A reindeer sausage was exactly what I needed.
Portland is a weird town, slapped together from recycled materials, hovered-over by a helicopter whine as funk and blues and rock and jazz and tinny radios from food trucks spill over tent cities and 24-hour neon donut signs. Gleaming trains. A city block that's all-bookstore, sprawled mazes of shelves. A skinny red-haired guy dancing his heart out, sleeveless and barefoot, on a stage; a Chinese bistro with giant loops of handmade paper swooping from the ceiling, and a spicy sausage smearing through the foil in my hand, cold rain dripping into my collar. It's a city that's eclectic in its pride.
Spent the morning with Terri Oda (who took the first good picture I've ever seen of me speaking) and others hacking on UI improvement specs for Mailman, a popular email list management software. This was part of Open Source Day, which in turn was the tail end of GHC, the Grace Hopper Celebration of Women in Computing.
During GHC, I kept looping back to the Hasso Plattner Institut table, peppering the grad students there with questions. Really? You're an Olin-sized institution right outside Berlin focused on real working computing systems (as opposed to theory) and Stanford d-school style design and a group working on the impact of the internet on education and you're looking for summer graduate researchers and postdocs? And you think my background is interesting? Well. Hallo there. I guess I'll have to send some emails. Probably not this summer (although... I don't know!) but possibly a semester or a school year sometime in the future, depending on how my research direction pans out.
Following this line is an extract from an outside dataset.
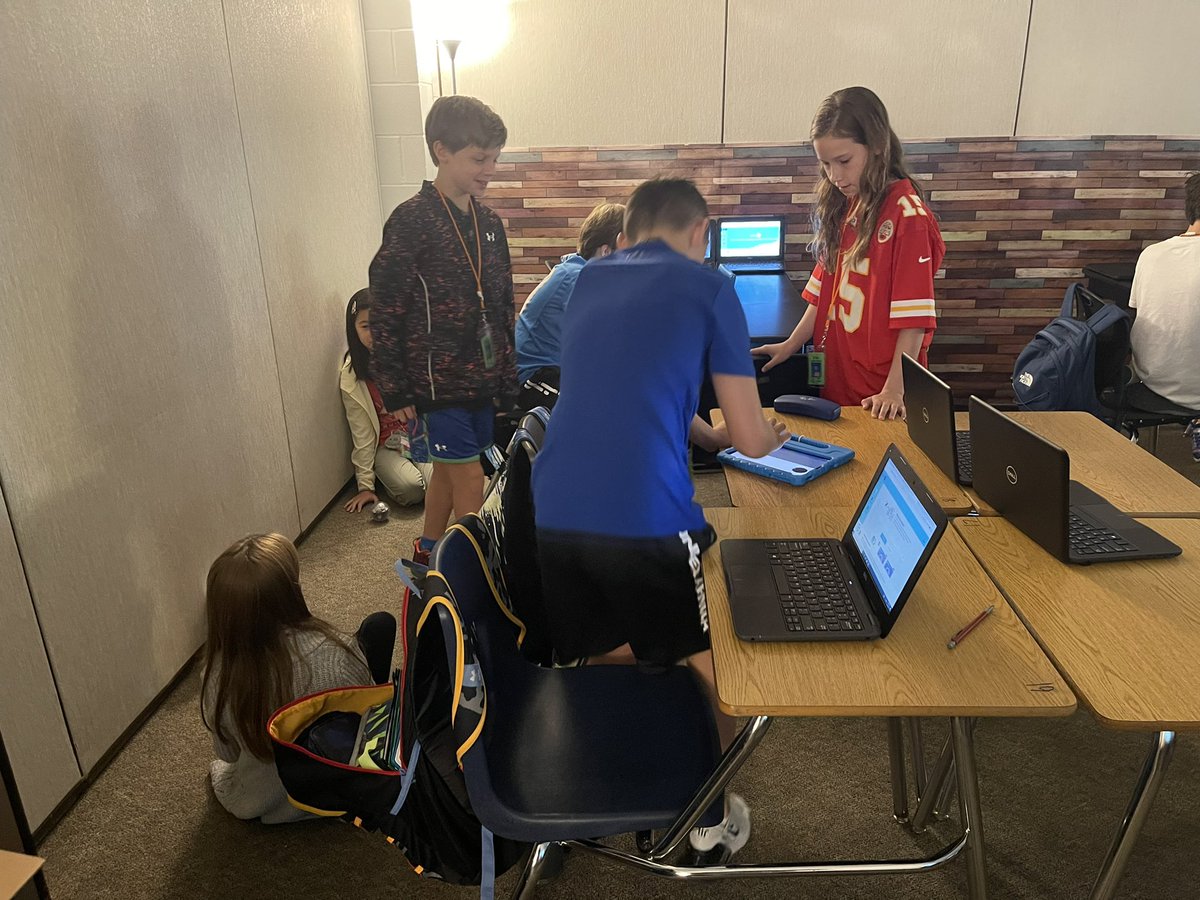 MrWidmier's tweet image. It was a great week in CTE Wheel Exploration!  Students learned to apply their coding skills to the Sphero robots, and they will complete the Pumpkin Cart STEM Challenge next week.  

@HumbleISD_CTE  @HumbleISD_RMS @HumbleISD #HumbleCTE #REPhard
GHC itself was... wow. I kept on going around thinking wait, it's a tech conference! and wait, we're all female! which - okay, yes, expected for a Women in Computing conference, but I've never before felt so safe and welcome and relaxed at a conference, and I hardly knew anyone there... even at conferences where I know a large proportion of attendees, even at conferences I've organized, I've never felt this way.
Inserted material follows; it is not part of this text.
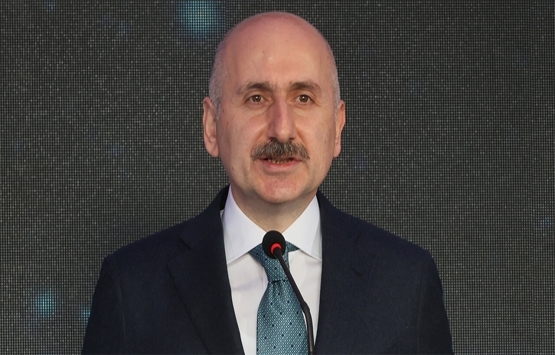 Adil Karaismailoğlu: Ulaştırma projelerine tarihi imzalar attık!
Holy crap. Conversations were easy to slide into. Connections were so easy to make. I'm shy! I don't go to the conference party and let loose on the middle of the dance floor! I don't strike up conversations with strangers in the hall, at the back of a session, waiting for the train... but I did. I didn't have to prove or defend myself. Feeling that safe felt... strange. And I think it was the combination of that net of safety in a strange city with new people that finally led me to take some bigger steps I've been afraid of for a while.
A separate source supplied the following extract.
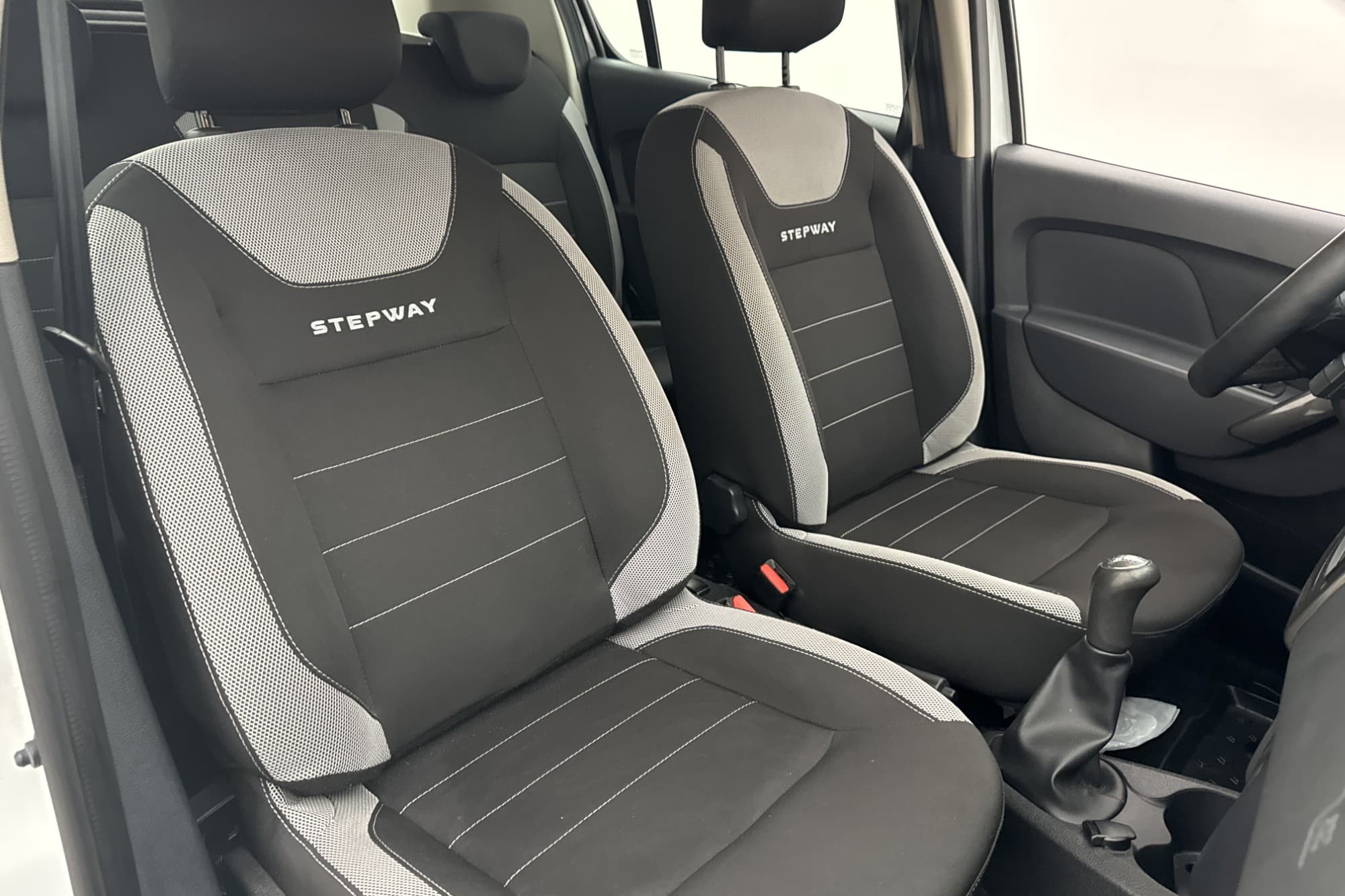 Dacia Sandero Stepway 101hk Navi Sensorer Farthåll 0,49l/mil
It's still travel, though. It's still lonely. But sometimes you need the lonely. Sometimes you need to sit in the discomfort. I think that's why long walks like the Coast-To-Coast and El Camino de Santiago appeal to me, why I like long roadtrips on dark nights. It's forced reflection. Packing light allows one to afford improvisation (hat-tip to Sumana for the link). I'm definitely eyeing this 18" luggage because my battered yellow carry-on (purchased for supercheap when I started working for Red Hat and therefore traveling a lot) is literally falling apart; I also somewhat covet Tom Bihn bags. I should figure out my use case, write specs from that, make a purchasing decision, then save for it and get it once my yellow luggage finishes ripping to pieces - which means that I should plan out the trips I want to take. Hm.
"It is essential to happiness that our way of living should spring from our own deep impulses and not from the accidental tastes and desires of those who happen to be our neighbors, or even our relations." -- Bertrand Russell, The Conquest of Happiness
I'm exhausted. I'm behind on a lot of things. I'm scattered, anxious, and a little lonely. But I'm okay. I'm here and present in the world, and I'm... alive. It's good to be like that. It's good to know you're doing the best you can, even if that's nowhere near perfect or even sometimes nowhere near good. Plateaus are okay, but they're scary right before you leap, when you don't know what's going to take shape yet. So it's all right, and it'll work out.
Must remember hat.
Must go to sleep now. I've got a long flight and a long drive and a long night installing my art project tomorrow.